From the listing below, reproduce exactly the lines starting with the one with "미국 2020대선과 민주주의의 위기" and going on through the one with "日本代表、田中碧がスタメン起", both ends kept. No picture is copied.

[RECORDS]
* * * * *

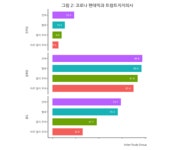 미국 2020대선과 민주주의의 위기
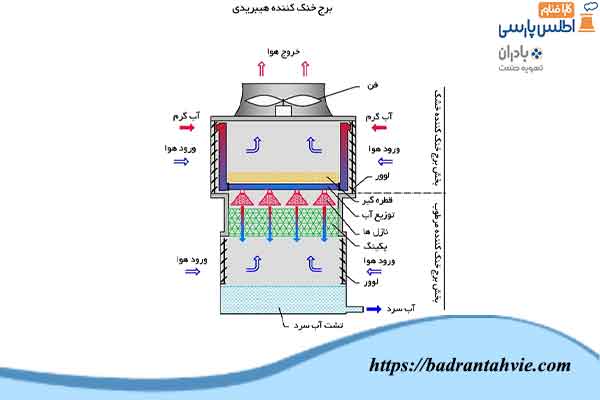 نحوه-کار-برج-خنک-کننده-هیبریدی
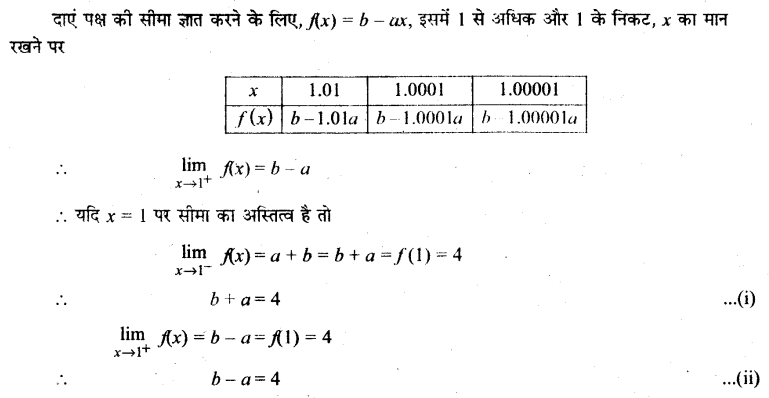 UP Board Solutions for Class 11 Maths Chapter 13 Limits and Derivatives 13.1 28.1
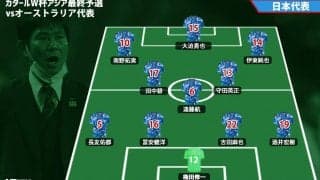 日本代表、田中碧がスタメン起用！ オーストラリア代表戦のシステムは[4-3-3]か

* * * * *

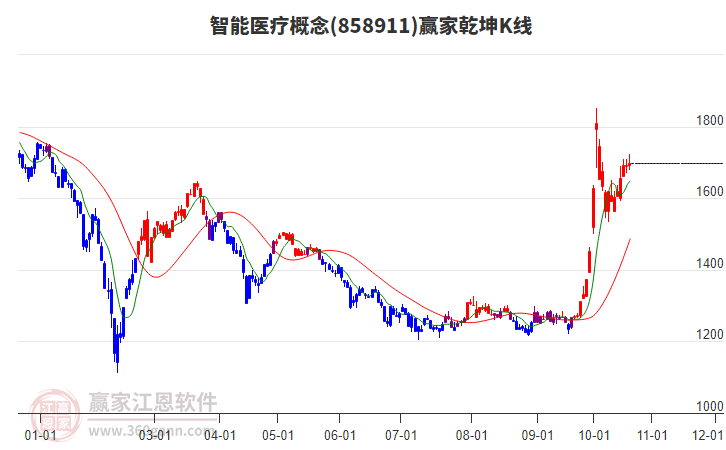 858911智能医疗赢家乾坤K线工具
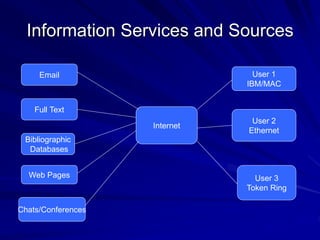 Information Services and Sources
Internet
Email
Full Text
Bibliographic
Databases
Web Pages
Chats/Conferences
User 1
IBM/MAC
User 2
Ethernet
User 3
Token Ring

* * * * *

[COMPLETED EXERCISE]
 미국 2020대선과 민주주의의 위기
 نحوه-کار-برج-خنک-کننده-هیبریدی
 UP Board Solutions for Class 11 Maths Chapter 13 Limits and Derivatives 13.1 28.1
 日本代表、田中碧がスタメン起用！ オーストラリア代表戦のシステムは[4-3-3]か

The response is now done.